- _What this task involves_
Would you transcribe the listing that follows word for word, skipping pictures?

Data provided Start Marker

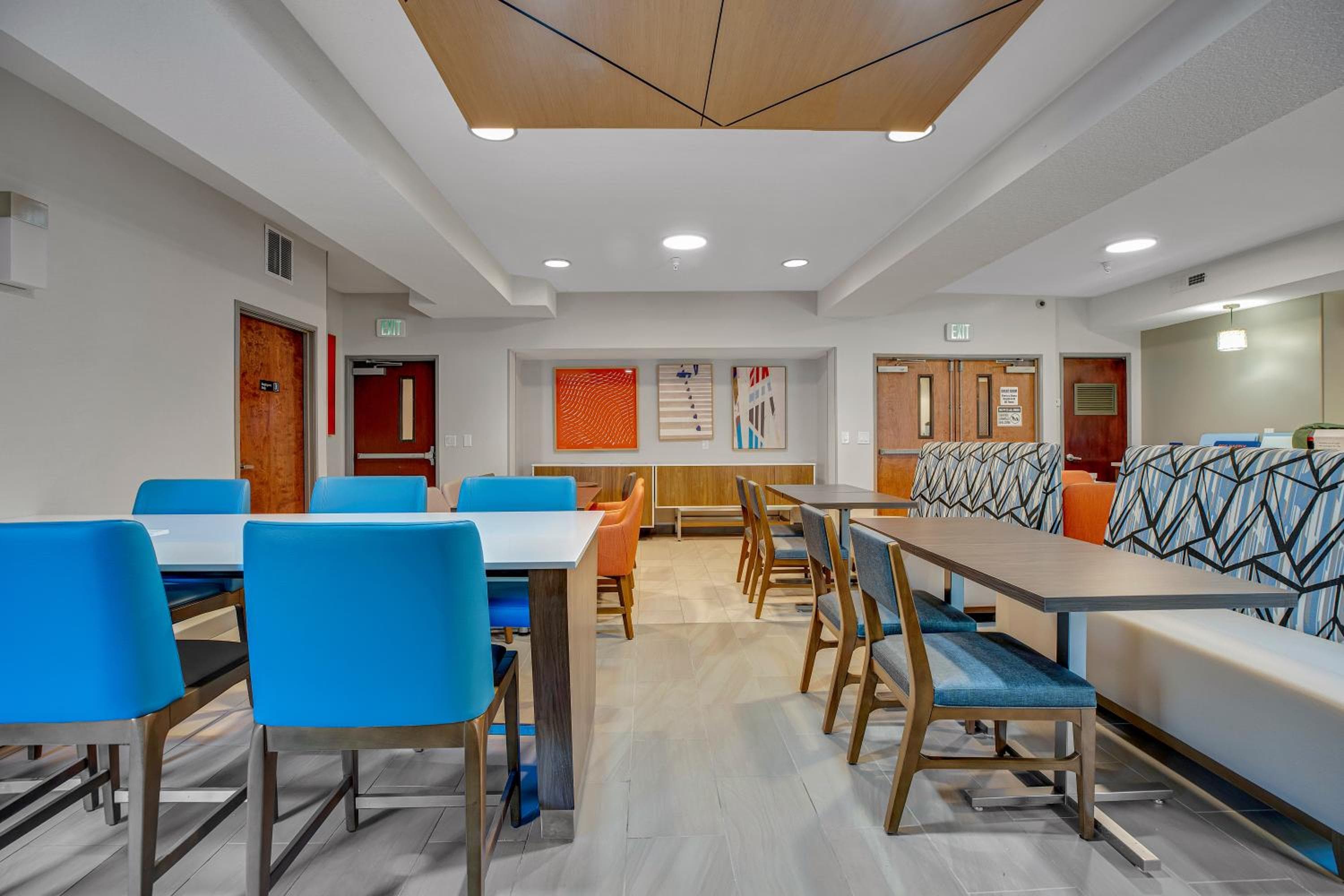 Holiday Inn Express Hotel & Suites Portland - Jantzen Beach, an IHG Hotel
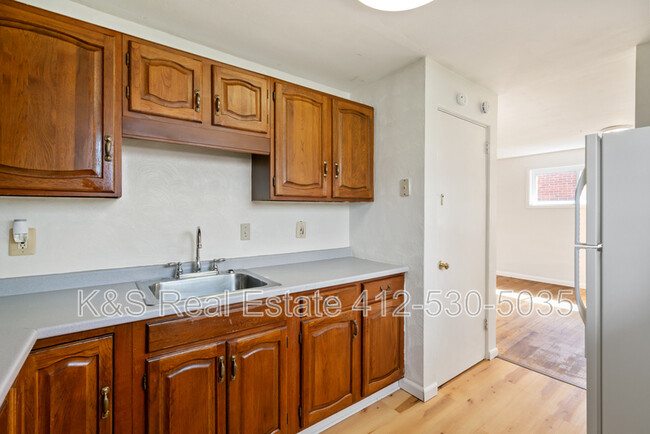 Building Photo - 370 Princeton Dr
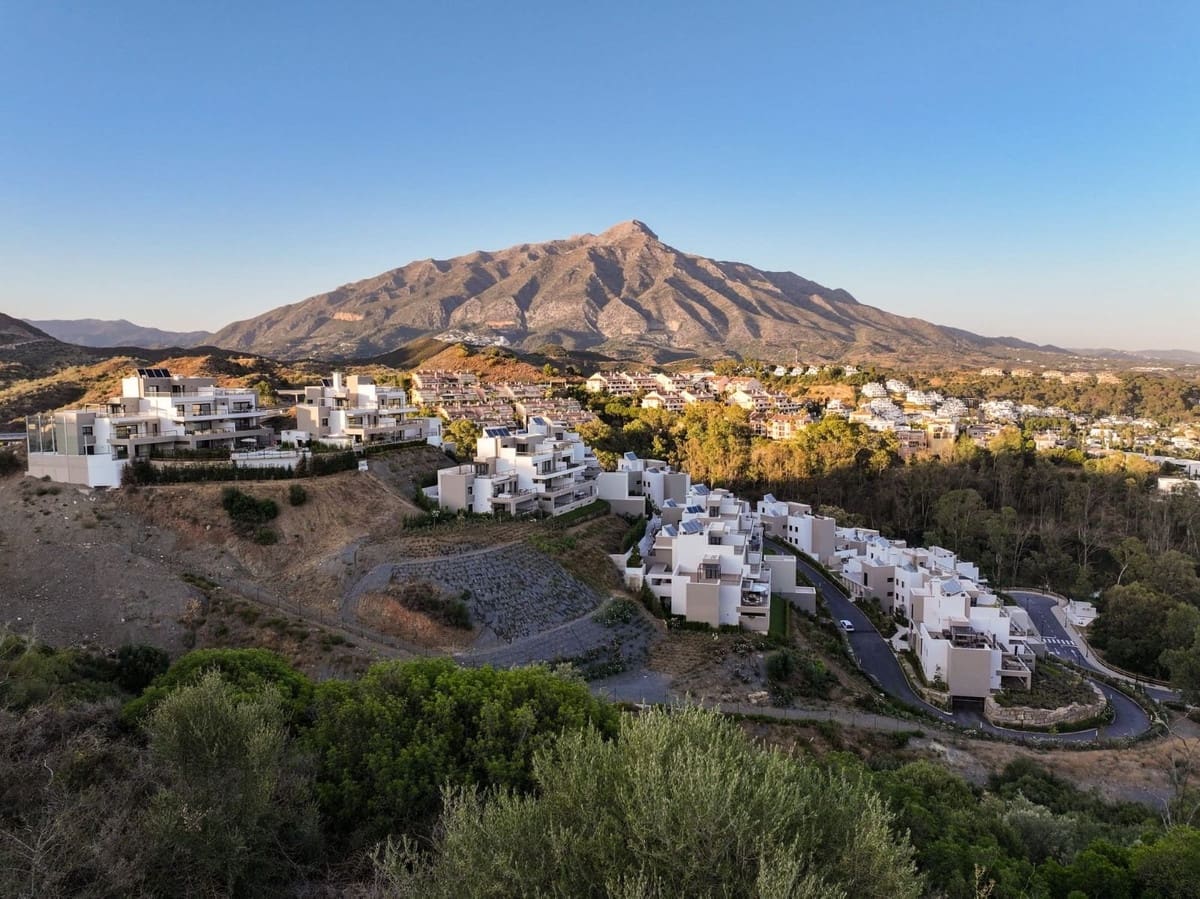 2 soveværelse Lejlighed til leje i Nueva Andalucia med swimmingpool garage - € 4.000 (Ref: 9807534)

Data provided End Marker

- _Result_
 Holiday Inn Express Hotel & Suites Portland - Jantzen Beach, an IHG Hotel
 Building Photo - 370 Princeton Dr
 2 soveværelse Lejlighed til leje i Nueva Andalucia med swimmingpool garage - € 4.000 (Ref: 9807534)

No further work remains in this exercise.